(Captioned web images)
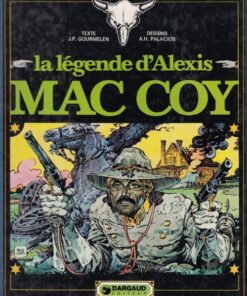 Mac Coy Tome 1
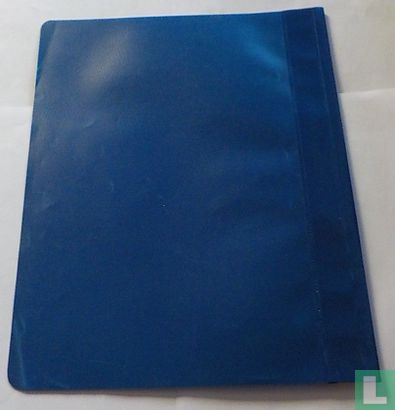 Klasseermap  A4 - Ahrend (blauw) - Bild 2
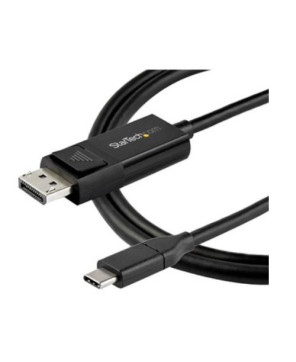 Buy StarTech 2m USB C to DisplayPort 1.4 Cable 8K 60Hz/4K CDP2DP142MBD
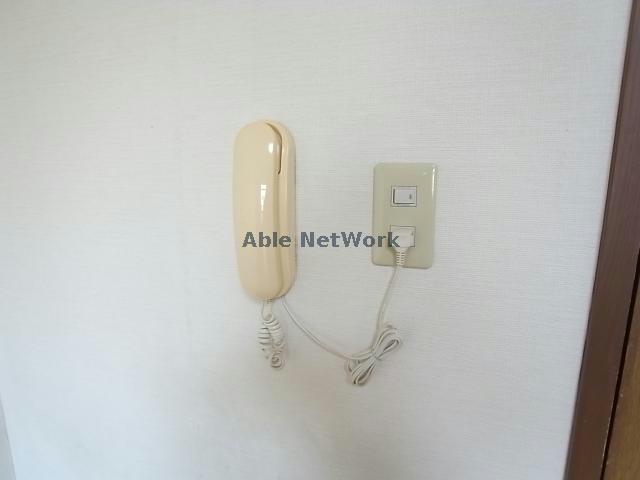 セキュリティ　※同型参照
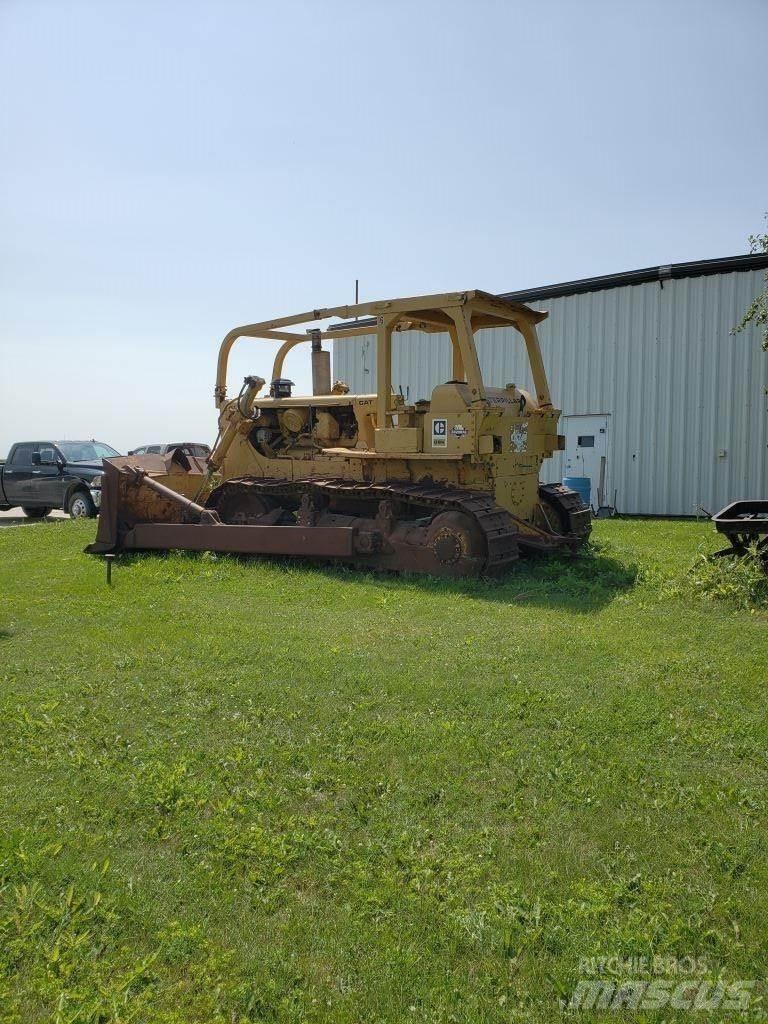 CAT D8K 크롤러 도저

** Task to carry out **
Leave out the pictures, and write out all the remaining data above exactly.

** Output for this task **
 Mac Coy Tome 1
 Klasseermap  A4 - Ahrend (blauw) - Bild 2
 Buy StarTech 2m USB C to DisplayPort 1.4 Cable 8K 60Hz/4K CDP2DP142MBD
 セキュリティ　※同型参照
 CAT D8K 크롤러 도저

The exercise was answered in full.